* Exercise requirements: For the entries that follow, restate word for word the line containing "Wykonywanie prac plastycznych przez dzieci", the line containing "沖縄市　北中城村　うるま市　宜野湾市　浦添市　西原町　北谷町", and every line that lies between them.

Dataset extract: Begin

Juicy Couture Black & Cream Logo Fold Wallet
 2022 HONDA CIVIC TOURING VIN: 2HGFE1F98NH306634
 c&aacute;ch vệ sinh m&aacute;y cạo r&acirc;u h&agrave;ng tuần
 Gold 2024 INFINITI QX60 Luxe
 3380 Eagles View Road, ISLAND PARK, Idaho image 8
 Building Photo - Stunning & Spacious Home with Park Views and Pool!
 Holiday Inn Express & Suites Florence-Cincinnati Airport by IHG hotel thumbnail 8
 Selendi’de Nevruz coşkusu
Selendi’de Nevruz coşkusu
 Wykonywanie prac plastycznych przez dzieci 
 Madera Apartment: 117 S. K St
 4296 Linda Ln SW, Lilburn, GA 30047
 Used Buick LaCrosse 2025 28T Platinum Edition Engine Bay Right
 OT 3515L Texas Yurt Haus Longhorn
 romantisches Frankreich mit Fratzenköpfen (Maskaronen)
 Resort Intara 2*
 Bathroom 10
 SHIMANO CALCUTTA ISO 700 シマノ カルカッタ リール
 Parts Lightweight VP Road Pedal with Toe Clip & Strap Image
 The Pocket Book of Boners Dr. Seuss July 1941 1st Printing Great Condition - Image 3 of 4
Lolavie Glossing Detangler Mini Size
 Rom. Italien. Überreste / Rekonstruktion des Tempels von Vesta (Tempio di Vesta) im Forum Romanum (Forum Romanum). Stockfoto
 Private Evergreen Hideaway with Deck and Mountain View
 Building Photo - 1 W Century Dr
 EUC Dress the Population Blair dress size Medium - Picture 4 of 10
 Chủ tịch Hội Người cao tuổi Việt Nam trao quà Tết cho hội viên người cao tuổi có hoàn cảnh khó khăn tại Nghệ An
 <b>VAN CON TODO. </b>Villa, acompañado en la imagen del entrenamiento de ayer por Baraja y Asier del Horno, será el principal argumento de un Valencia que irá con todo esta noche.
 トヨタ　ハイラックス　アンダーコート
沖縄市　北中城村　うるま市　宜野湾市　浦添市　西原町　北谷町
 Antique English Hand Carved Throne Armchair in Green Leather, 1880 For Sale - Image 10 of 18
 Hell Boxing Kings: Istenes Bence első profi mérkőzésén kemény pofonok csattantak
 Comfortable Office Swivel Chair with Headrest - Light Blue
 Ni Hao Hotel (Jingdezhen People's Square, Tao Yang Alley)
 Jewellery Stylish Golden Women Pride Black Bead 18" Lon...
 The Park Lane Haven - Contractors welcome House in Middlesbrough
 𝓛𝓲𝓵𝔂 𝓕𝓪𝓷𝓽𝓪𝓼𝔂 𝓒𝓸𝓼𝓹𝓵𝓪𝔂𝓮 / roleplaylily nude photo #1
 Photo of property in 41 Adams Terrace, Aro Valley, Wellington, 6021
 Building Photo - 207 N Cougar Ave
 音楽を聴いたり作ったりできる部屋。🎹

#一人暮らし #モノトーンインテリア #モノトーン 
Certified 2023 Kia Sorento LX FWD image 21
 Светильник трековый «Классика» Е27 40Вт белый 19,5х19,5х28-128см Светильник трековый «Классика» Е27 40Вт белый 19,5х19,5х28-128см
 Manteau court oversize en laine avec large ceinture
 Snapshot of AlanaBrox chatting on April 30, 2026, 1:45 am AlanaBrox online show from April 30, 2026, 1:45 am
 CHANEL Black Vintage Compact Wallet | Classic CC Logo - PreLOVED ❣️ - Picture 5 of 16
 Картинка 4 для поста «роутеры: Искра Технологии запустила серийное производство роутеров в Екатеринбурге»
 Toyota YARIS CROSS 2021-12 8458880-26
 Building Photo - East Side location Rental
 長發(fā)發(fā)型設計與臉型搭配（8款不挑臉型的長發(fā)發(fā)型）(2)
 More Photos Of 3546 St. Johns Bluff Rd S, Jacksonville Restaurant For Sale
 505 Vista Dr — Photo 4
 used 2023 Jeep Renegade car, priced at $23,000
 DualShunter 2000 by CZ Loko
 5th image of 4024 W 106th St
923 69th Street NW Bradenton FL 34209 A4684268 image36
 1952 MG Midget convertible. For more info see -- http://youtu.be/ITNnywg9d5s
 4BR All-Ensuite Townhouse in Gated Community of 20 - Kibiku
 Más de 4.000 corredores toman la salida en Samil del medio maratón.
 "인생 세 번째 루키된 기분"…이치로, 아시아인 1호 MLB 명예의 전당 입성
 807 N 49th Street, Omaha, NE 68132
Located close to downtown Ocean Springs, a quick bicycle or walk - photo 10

Dataset extract: End

* Answer space:
 Wykonywanie prac plastycznych przez dzieci 
 Madera Apartment: 117 S. K St
 4296 Linda Ln SW, Lilburn, GA 30047
 Used Buick LaCrosse 2025 28T Platinum Edition Engine Bay Right
 OT 3515L Texas Yurt Haus Longhorn
 romantisches Frankreich mit Fratzenköpfen (Maskaronen)
 Resort Intara 2*
 Bathroom 10
 SHIMANO CALCUTTA ISO 700 シマノ カルカッタ リール
 Parts Lightweight VP Road Pedal with Toe Clip & Strap Image
 The Pocket Book of Boners Dr. Seuss July 1941 1st Printing Great Condition - Image 3 of 4
Lolavie Glossing Detangler Mini Size
 Rom. Italien. Überreste / Rekonstruktion des Tempels von Vesta (Tempio di Vesta) im Forum Romanum (Forum Romanum). Stockfoto
 Private Evergreen Hideaway with Deck and Mountain View
 Building Photo - 1 W Century Dr
 EUC Dress the Population Blair dress size Medium - Picture 4 of 10
 Chủ tịch Hội Người cao tuổi Việt Nam trao quà Tết cho hội viên người cao tuổi có hoàn cảnh khó khăn tại Nghệ An
 <b>VAN CON TODO. </b>Villa, acompañado en la imagen del entrenamiento de ayer por Baraja y Asier del Horno, será el principal argumento de un Valencia que irá con todo esta noche.
 トヨタ　ハイラックス　アンダーコート
沖縄市　北中城村　うるま市　宜野湾市　浦添市　西原町　北谷町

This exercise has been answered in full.